Following is the text of the World Bank press release:
World Bank Authorizes Trust Fund, Endorses Interim Strategy For Iraq
WASHINGTON, January 29, 2004 -- The World Bank's Board of Executive
Directors today authorized the Bank to act as an administrator for the
Iraq Trust Fund, which will finance a program of emergency projects and
technical assistance. The program is contained in the Interim Strategy
for Iraq, discussed by the Board today. It includes not only specific
projects and technical assistance, to be financed by the trust fund, but
also a program of economic and sector work aimed at laying the groundwork
for an expanded development assistance program in the near future. The
Interim Strategy builds on the Bank's previous work in Iraq during 2003
and outlines a Bank-sponsored work program for Iraq for the next six to
Over the last two decades, the effects of war, misdirected resources, and
Iraq's centralized command economy have stifled growth and development.
Basic infrastructure and the education and healthcare systems have
dramatically declined due to years of neglect. International sanctions
imposed in 1991 further crippled Iraq's economy. Despite the country's
rich resources, Iraq's human development indicators are now among the
lowest in the region.
Although reliable economic information remains limited, unemployment is
high and there is severe poverty and vulnerability stemming from decades
of economic decline combined with the impact of the recent war.
Preliminary estimates indicate that Iraq's GDP [gross domestic product]
declined by about 4 percent in 2002 and a further 31 percent in 2003,
amounting to an estimated $13-17 billion in 2003, or $480-630 per capita.
This year, however, GDP is projected to increase by about 33 percent,
bringing it to $17-22 billion or $620-810 per capita.
The work program detailed in the Interim Strategy is based on a Joint Iraq
Needs Assessment of reconstruction and development challenges conducted by
the United Nations and the Bank last year. The immediate goals of the
work program are threefold -- build the Iraqi government's ability to
manage a reconstruction program, including administering large amounts of
external funding in a transparent and accountable manner; initiate
emergency programs to address urgent needs such as job creation and
restoring basic infrastructure and services; and provide policy advice and
analytical work that will pave the transition to a market-based economy
and a medium-term development program.
"This short-term strategy is based on the realities on the ground and
enables us to respond rapidly and flexibly to the Iraqi people's immediate
needs in coordination with the Iraqis and the international donor
community," says Christiaan Poortman, Vice President for the Middle East
and North Africa. "It is an Iraqi-led process that ensures the key
priorities on their national development are taken into account."

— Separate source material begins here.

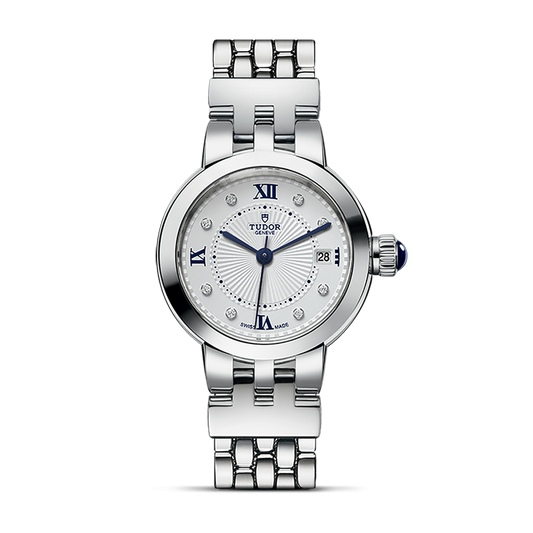 TUDOR Clair de Rose 26mm Stainless Steel Diamond Dial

During this interim period, the Bank will implement projects in close
coordination with Iraqi officials out of a temporary office set up in
The Iraq Trust Fund is one of two trust funds that fall under the
International Reconstruction Fund Facility for Iraq designed by the World
Bank and the UN. The Facility was created in response to international
donors' request for a vehicle to channel their resources and coordinate
donor financing for Iraq's reconstruction and development activities.
The Bank's lending services remain subject to Board approval on several
issues including settlement of Iraq's arrears, the security situation on
the ground, and the legal issue of Iraq's government.